By Daksh Grover
(Reuters) – Gold prices erased early losses on Monday to remain close to record highs on safe-haven demand driven by growth and inflation concerns sparked by U.S. President Donald Trump’s tariffs on Mexico, Canada and China.
Having initially slid more than 1% on a surging U.S. dollar, spot gold recovered to be down 0.2% at $2,795.29 an ounce by 1005 GMT while U.S. gold futures had lost 0.2% to $2,829.40, still trading at a premium to spot rates.
The 25% tariffs imposed by Trump on Canadian and Mexican imports from Tuesday, along with a 10% charge on Chinese goods, fuelled fears of a trade war that could slow global growth and feed inflation.
Canada and Mexico ordered retaliatory measures while China said it would challenge the tariffs at the World Trade Organization and take unspecified countermeasures.
Gold, often regarded as a safe-haven investment during periods of economic or geopolitical instability, soared to a record peak of $2,817.23 on Friday.
But prices retreated early on Monday as the dollar surged to its strongest in three weeks, making gold more expensive for buyers holding other currencies. [USD/]
“The stronger U.S. dollar was temporarily weighing on the yellow metal, but the case to hold gold as a safe haven still makes sense to me in a world going potentially into a tariffs war,” said UBS analyst Giovanni Staunovo.
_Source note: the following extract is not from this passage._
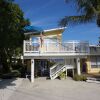 Отель The Cottages at Siesta Key в Сиеста-Ки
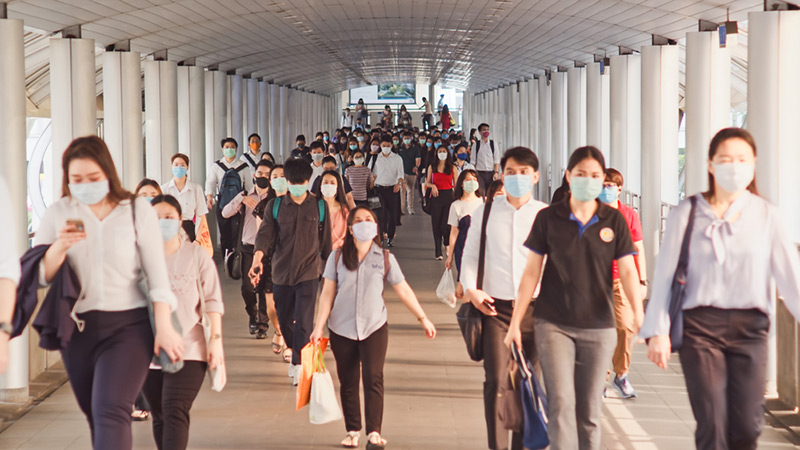 ประกันสังคม ประกันสังคม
“I still see upside for gold from current levels, looking for prices to head to $2,850/oz over the coming months.”
J.P. Morgan noted that bearish contagion from equities could weigh on gold in the near term, but disruptive tariffs continue to fuel a medium-term bull case for bullion.
Data this week on U.S. job openings, the ADP employment report and the U.S. employment report could provide insights into the health of the U.S. economy.
Spot silver dropped 0.6% to $31.13 an ounce, platinum lost 1.4% to $964.20 and palladium eased by 0.3% to $1,005.25.